Segment Start: Supplied material

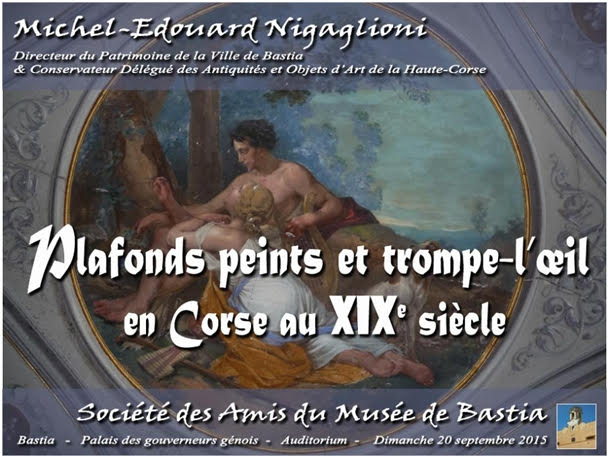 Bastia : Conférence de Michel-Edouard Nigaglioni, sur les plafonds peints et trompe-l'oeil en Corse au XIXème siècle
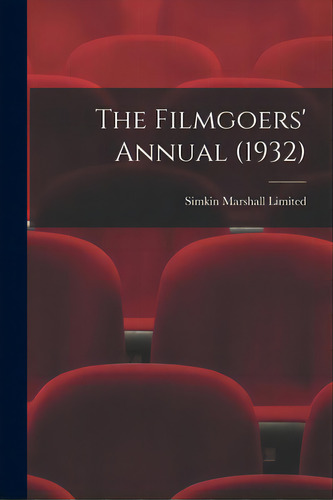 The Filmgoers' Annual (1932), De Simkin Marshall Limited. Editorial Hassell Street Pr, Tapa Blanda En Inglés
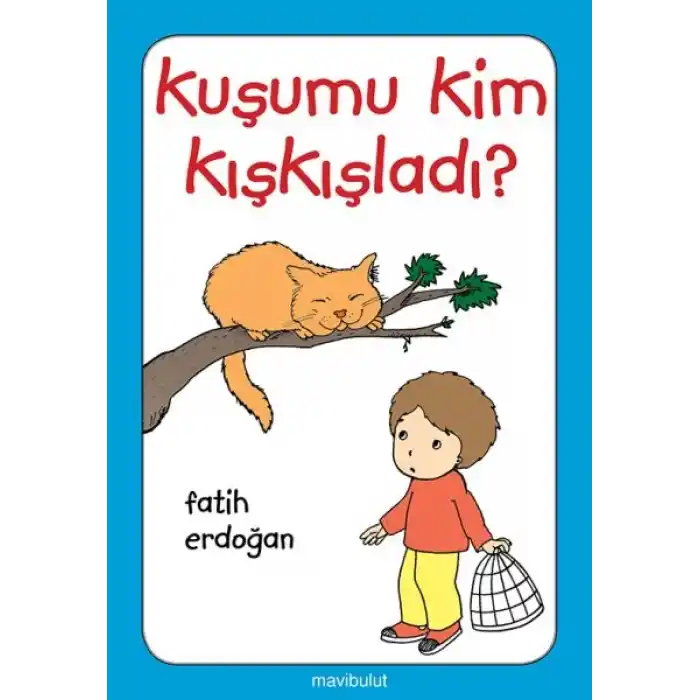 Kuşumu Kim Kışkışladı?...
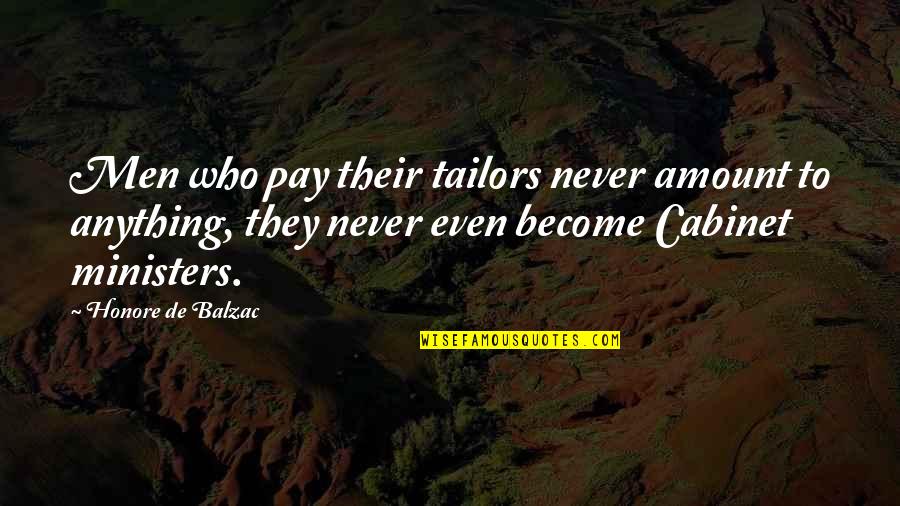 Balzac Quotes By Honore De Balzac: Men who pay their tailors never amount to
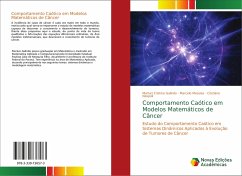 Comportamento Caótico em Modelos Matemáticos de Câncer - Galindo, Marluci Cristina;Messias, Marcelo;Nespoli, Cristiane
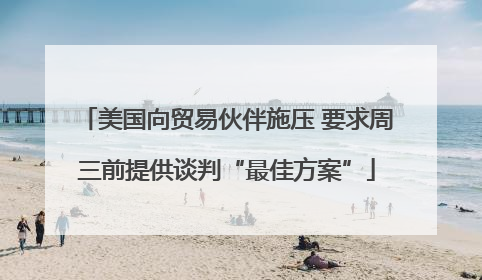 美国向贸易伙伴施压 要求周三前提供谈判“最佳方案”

Segment End: Supplied material

*Work to be completed*
Beginning with the first line of the records and ending with the line that contains "Kuşumu Kim Kışkışladı?...", reproduce every line exactly, omitting pictures and adding nothing.

*Output of the task*
 Bastia : Conférence de Michel-Edouard Nigaglioni, sur les plafonds peints et trompe-l'oeil en Corse au XIXème siècle
 The Filmgoers' Annual (1932), De Simkin Marshall Limited. Editorial Hassell Street Pr, Tapa Blanda En Inglés
 Kuşumu Kim Kışkışladı?...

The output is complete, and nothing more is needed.